(Working data Opens)

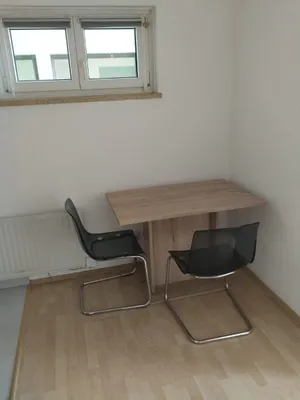 Wohnung mieten in Villach – 40 m², € 500 – Bild 2 von 7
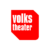 Münchner Volkstheater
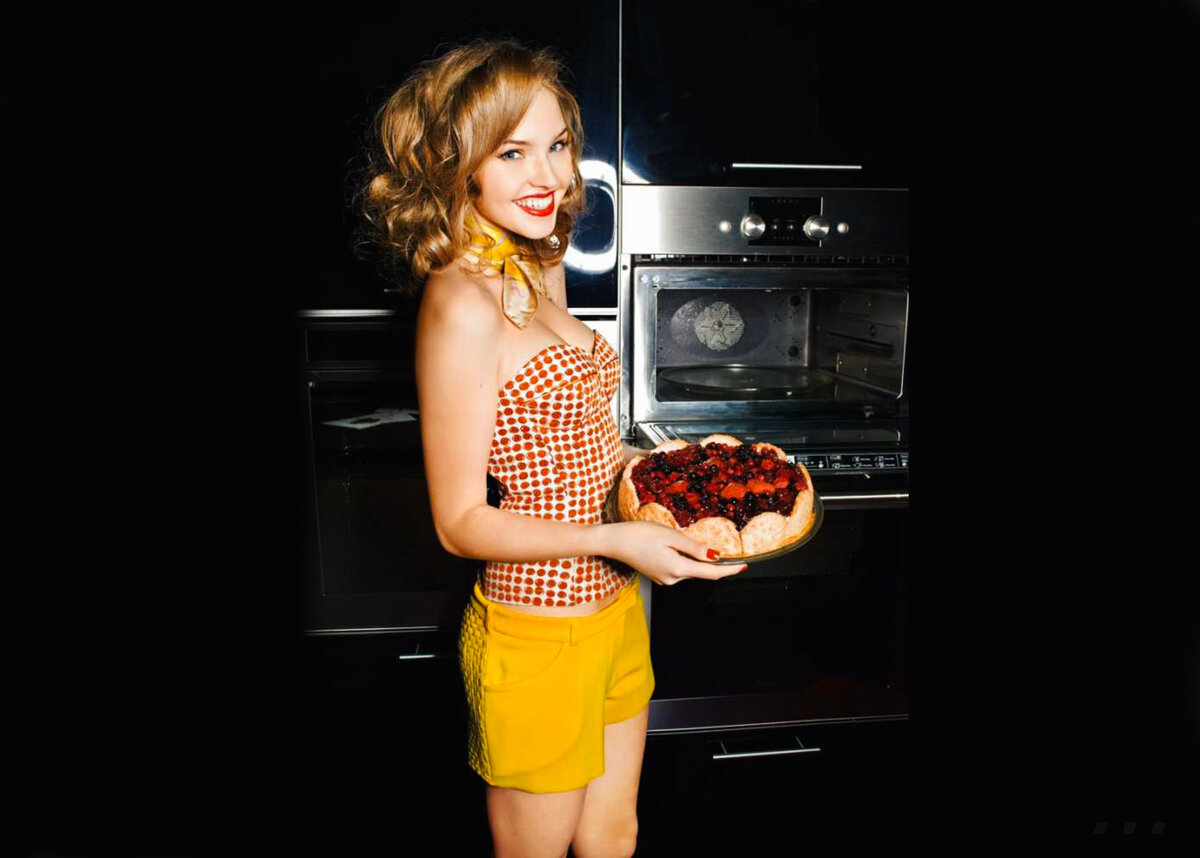 фото взято из свободных интернет-источников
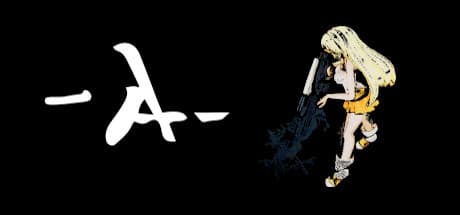 -A- media 1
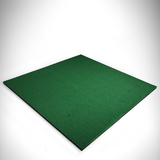 THẢM TẬP SWING GOLF - PGM Range Hitting - DJD001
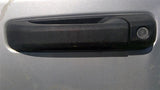 RAM2500   2018 Door Handle Exterior 3614970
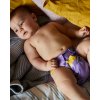 BAMBINO MIO Plienka revolučná opakovane použiteľná Chomp
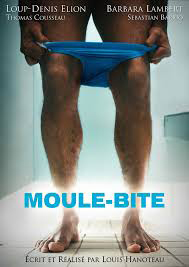 Moule-Bite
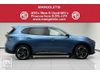 MG Mgs5 64kWh Trophy Long Range Auto 5dr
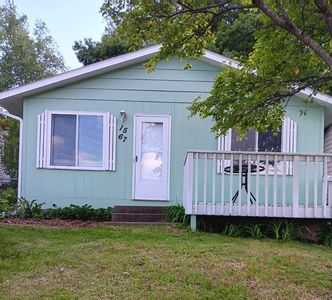1567 Willis Ave, South Saint Paul, MN, 55075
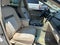 2013 Toyota Camry Hybrid XLE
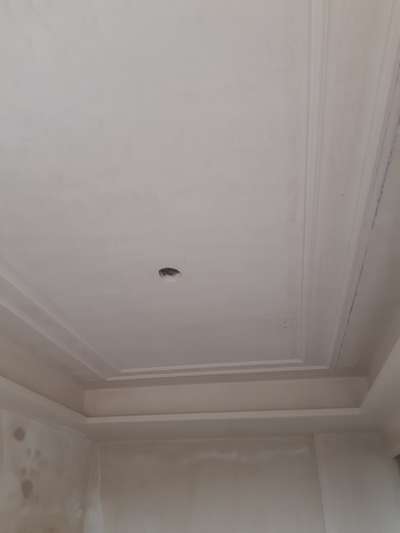 Falce Ceiling Work #falceceiling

(Working data Closes)

Your answer is the exact run of lines above from the one with "Münchner Volkstheater" through the one with "2013 Toyota Camry Hybrid XLE", both ends included, minus any picture.

▸ Task result
 Münchner Volkstheater
 фото взято из свободных интернет-источников
 -A- media 1
 THẢM TẬP SWING GOLF - PGM Range Hitting - DJD001
 RAM2500   2018 Door Handle Exterior 3614970
 BAMBINO MIO Plienka revolučná opakovane použiteľná Chomp
 Moule-Bite
 MG Mgs5 64kWh Trophy Long Range Auto 5dr
1567 Willis Ave, South Saint Paul, MN, 55075
 2013 Toyota Camry Hybrid XLE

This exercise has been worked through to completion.